OpenAI is reportedly losing at least $5 billion every year and may need to soon go into another funding round to strengthen its finances. A lawsuit of this magnitude could deal a devastating blow to the business not just financially but also operationally as it will limit its ability to train AI models with the most up-to-date information from publishers like the Times.

Recently, the firm made deals with large publishers like Axel Springer to access its copyrighted materials and use them to train its models. The agreement would generate payments of up to $10 million for the publisher per year – a figure that most experts categorized as low.

Industry observers note, however, that OpenAI has no motivation to pay more as they can still feed their AI models with copyrighted data until a court says otherwise. Hence, for large media companies, these deals allow them to at least make some money off the situation until they get a favorable ruling that stops the AI race in its tracks.

Meanwhile, Tyler Ochoa, a law professor from Santa Clara University in California, discussed the copyright use issue in another light. He claims that users should be held liable and not companies that develop AI models for the production of plagiarized output.

He countered the arguments and conclusions of the IEEE report as he believed that the research was biased by prompts that explicitly mentioned titles of specific movies or pointed the model to generate potential replicas of these titles.

“This [copyright infringement] should be analyzed as a case of contributory infringement: The person who prompted the model is the primary infringer, and the creators of the model are liable only if they were made aware of the primary infringement and they did not take reasonable steps to stop it,” Ochoa stated.
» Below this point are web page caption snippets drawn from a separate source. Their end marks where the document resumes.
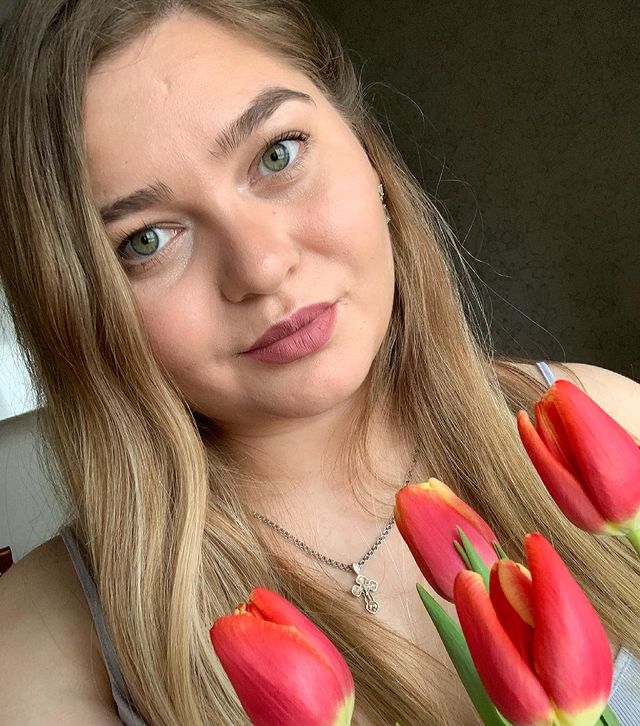 yarlykova_tanya в LOOKY. #8марта,#международныйженскийдень,#цветы,#тюльпаны,#любимыймуж,#томск2021,#ярлыковы. Девочки, всех с праз...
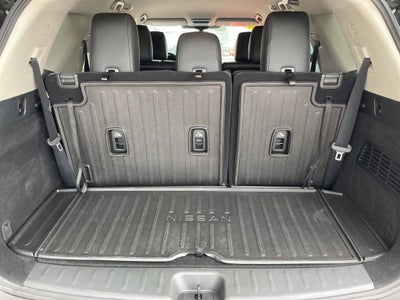 2025 Nissan Pathfinder SV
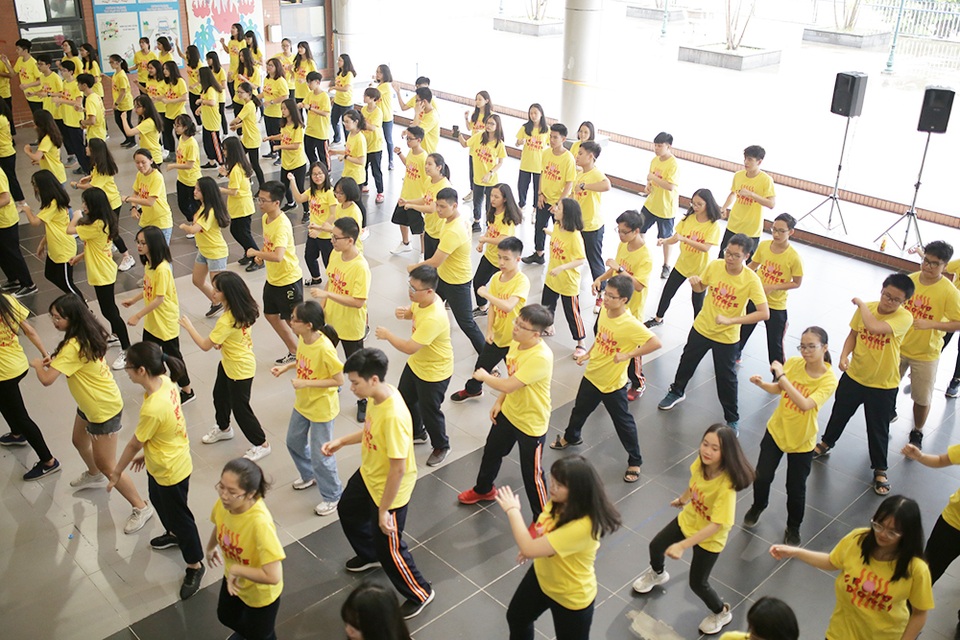 Top 10 Đại sứ trường Ams cùng nhảy flashmob đón tân binh - 8 Top 10 Đại sứ trường Ams cùng nhảy flashmob đón tân binh - 8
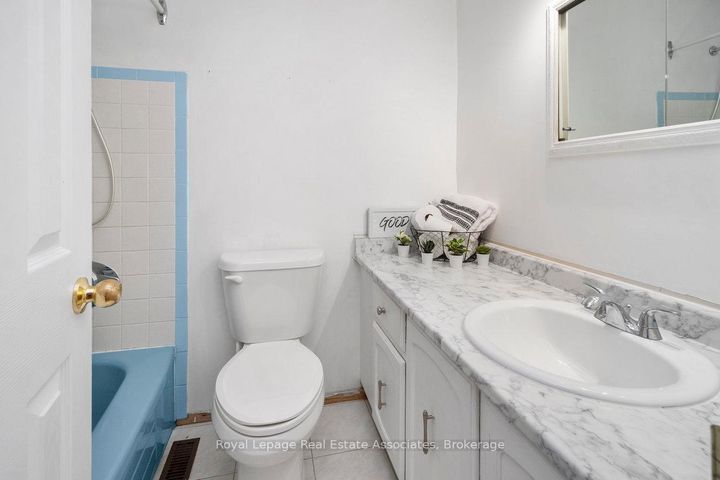 Photo 11 at 44 Village Court, Bram East, Brampton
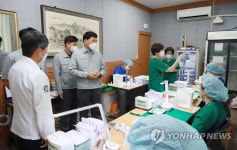 사내 부속의원에서 백신 접종받는 현대중공업 직원들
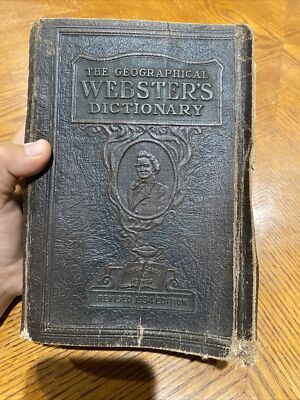 THE WEBSTER'S GEOGRAPHICAL DICTIONARY REVISED 1934 ED. LEATHER RARE BOOK-image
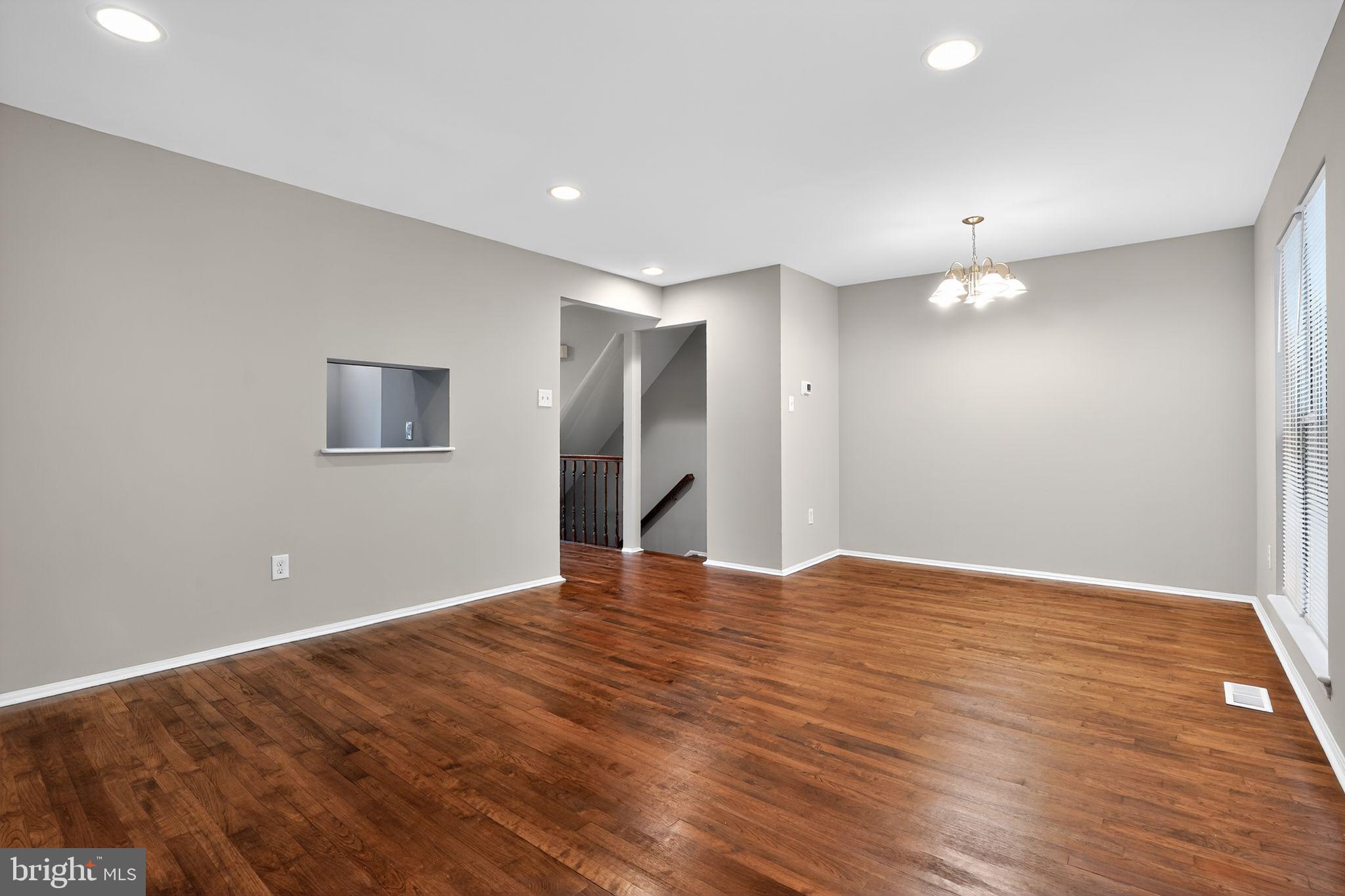 Real estate listing preview #5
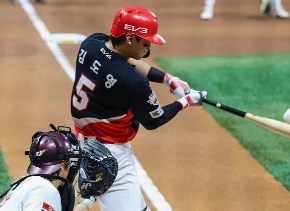 <b>김도영</b> 25호 <b>홈런</b> 폭발 KBO <b>홈런</b> 단독 선두 등극 오스틴 제쳤다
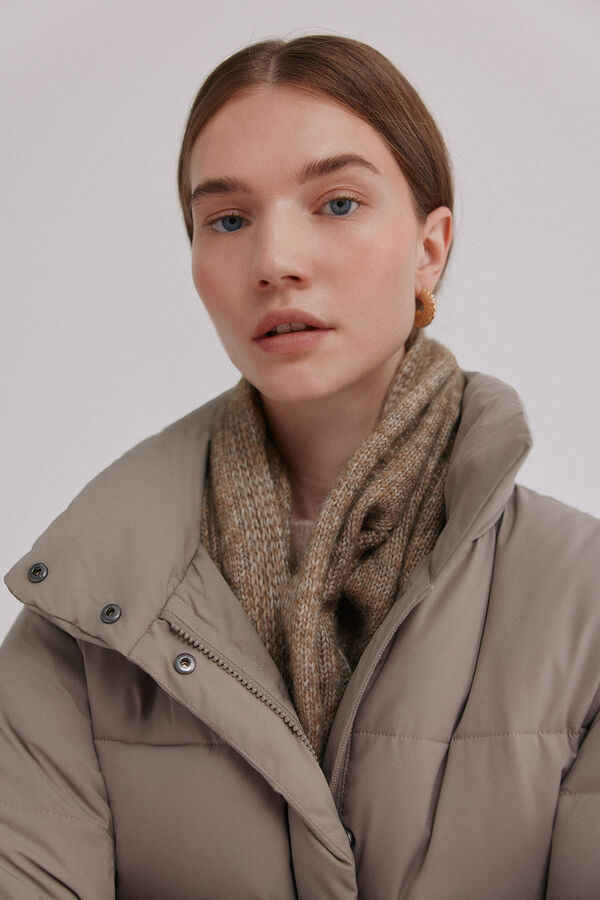 Hoss Intropia Dulia. Deportiva acolchada Kaki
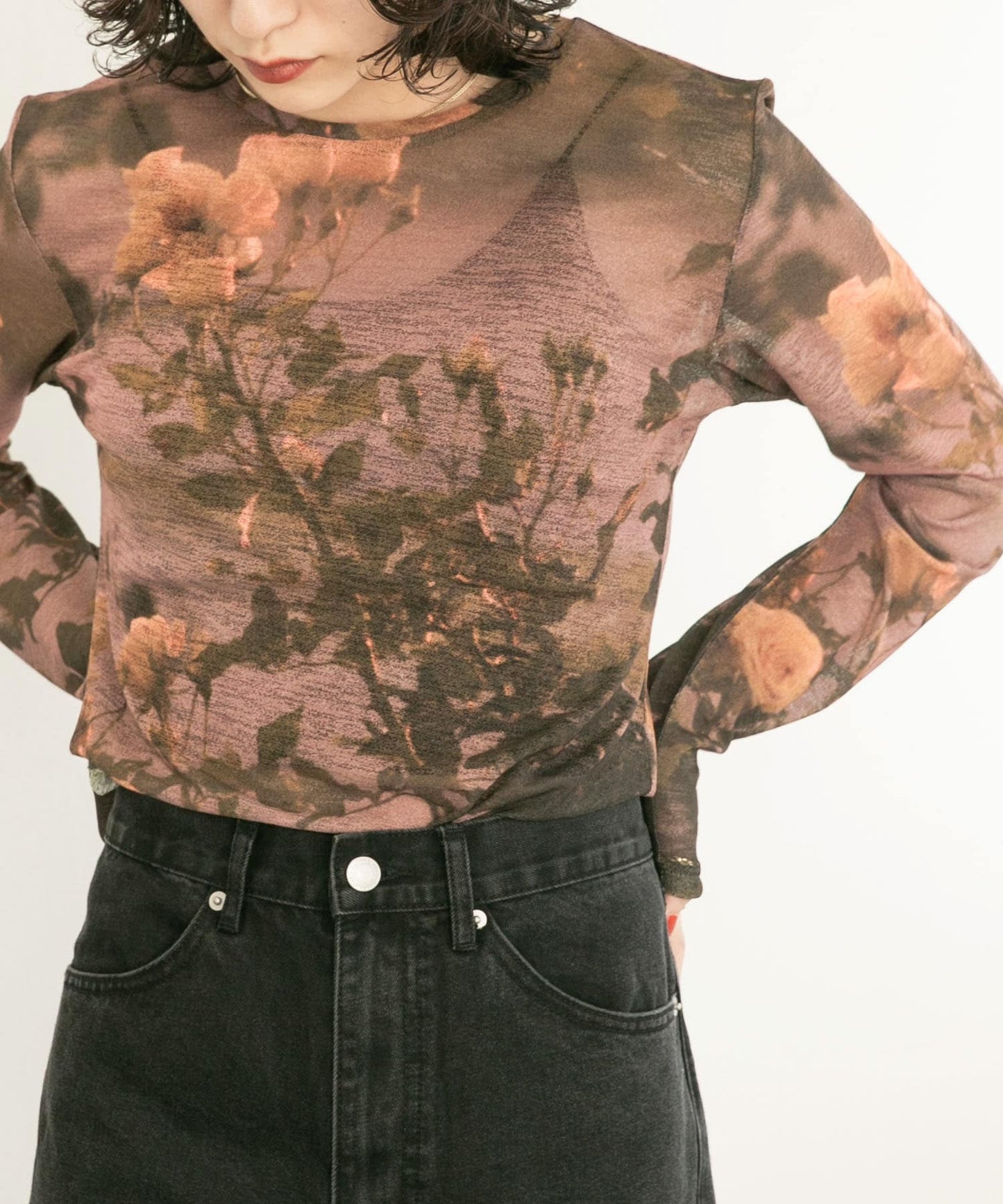 graphic sheer top (flower) *JP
Ochoa referred to movie posters and trailers that he thought were used to train AI models rather than entire films or scenes.

He argued that, if media companies wanted to distribute visual materials to promote their movies, they could demand copyright infringement as their intention was to disseminate the information and get it in front of as many viewers as possible. Then again, this argument doesn’t tell the whole story as OpenAI still took the IP of countless people and made a commercial product with it.